Da der individuelle Bedarf aber nicht altersabhängig sei, erklärte später Dr. Silke-Böttcher-Völker von der Behörde für Gesundheit und Verbraucherschutz, könnte man sich von allein melden und müsste nicht auf einen Brief vom Senat warten. Für den Ablauf des Gesprächs hat man sich sicherheitshalber vorher mit dem Landeskriminalamt beraten. Durchgeführt wird das Ganze vom Albertinen-Haus, die Besuchskräfte arbeiten auf Honorarbasis. Dr. Lilli Neumann vom Albertinen-Haus ergänzte, dass man sich u.a. auch mit München ausgetauscht habe, die höchste Akzeptanz habe es bei einem Brief mit einem konkreten Termin gegeben. Und die Unterschrift des Bürgermeisters hatte eine besonders hohe Strahlkraft! Der Brief flattert vier Wochen nach dem Geburtstag ins Haus. Bei den Themen geht es vor allem um Gesundheit (45%), Mobilität (44%), Wohnsituation und soziale Kontakte (39%) sowie Einsamkeit (8%). Besuchskräfte mit Migrationshintergrund gibt es bisher nicht, es soll demnächst aber ein Infoblatt in mehreren Sprachen erstellt werden. Ansprechpersonen für schwule und lesbische Senioren sind bisher ebenfalls nicht dabei.
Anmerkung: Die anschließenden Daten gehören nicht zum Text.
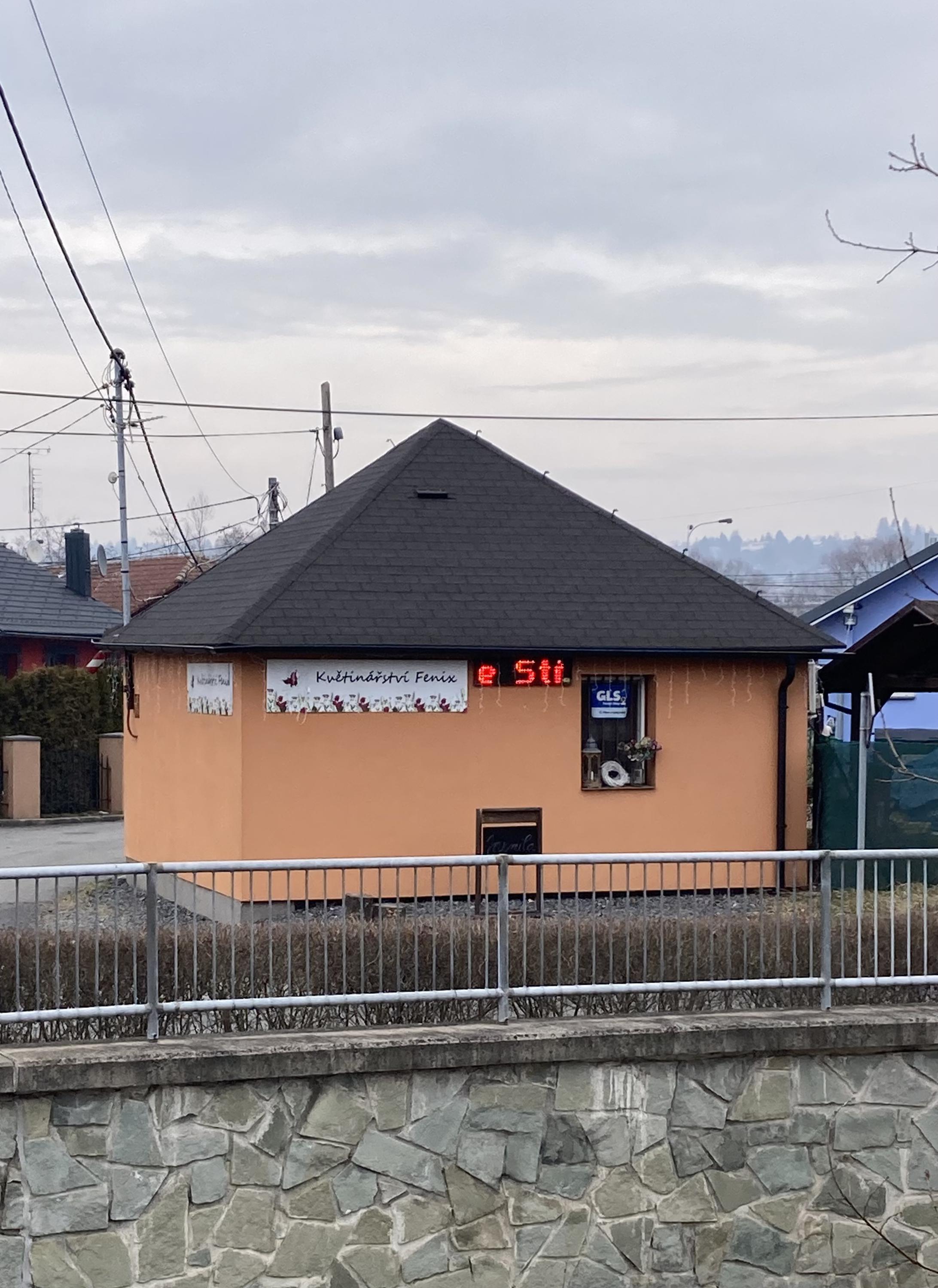 Květinářství Fenix foto 1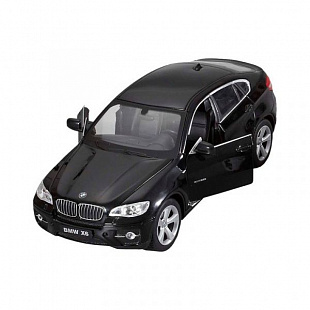 Радиоуправляемая машина MZ BMW X6 1:24 металл 25019A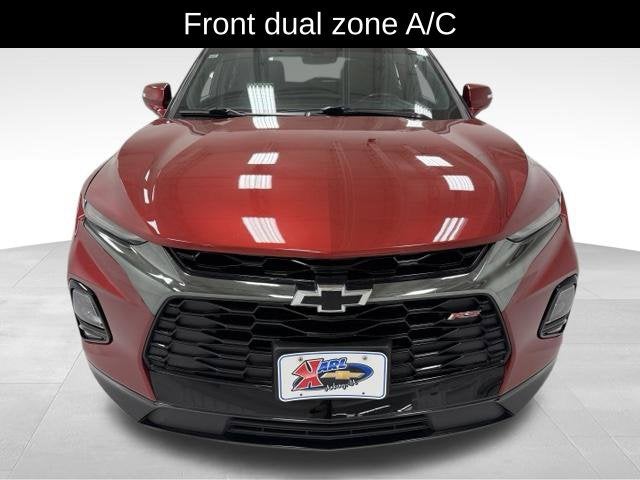 2019 Chevrolet Blazer RS - Photo 7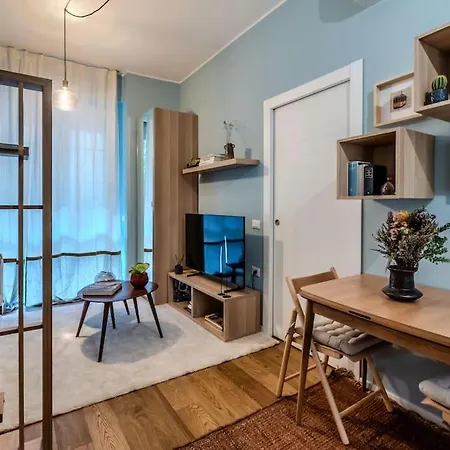 Poma Prestige Appartamento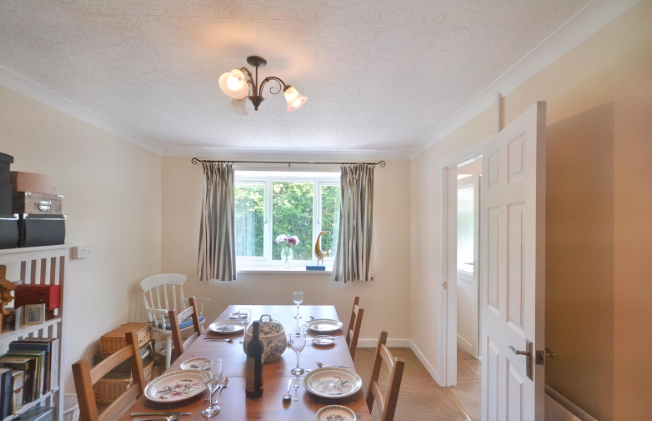 3 bed Detached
Ca. 64% lehnen den Hausbesuch ab (78% aktiv vorab, 14% öffnen nicht die Tür, 8% sagen an der Haustür ab) – ich hab mich gefragt: Sollte man die, die meinen, im Moment brauchen sie noch keine Unterstützung, nicht in zwei, drei Jahren noch einmal ansprechen?

Zurück zu Cornelia Prüfer-Storcks, die mit einem Wahlkampf-Schlenker zur Grundrente (Bürgerschaftswahlen sind im Februar) weitermachte. In der Großen Koalition sei das Thema ja umstritten, sie sei auf jeden Fall gegen die Bedürftigkeitsprüfung. Eine Friseurin, die 40 Jahre zum Mindestlohn gearbeitet hat, bekäme aktuell gerade mal 513 Euro Rente. Dass bei der Zahnarztgattin, die immer als Argument für eine Prüfung benutzt werde,  mit dem Gehalt des Mannes argumentiert würde, sei einfach nicht zeitgemäß!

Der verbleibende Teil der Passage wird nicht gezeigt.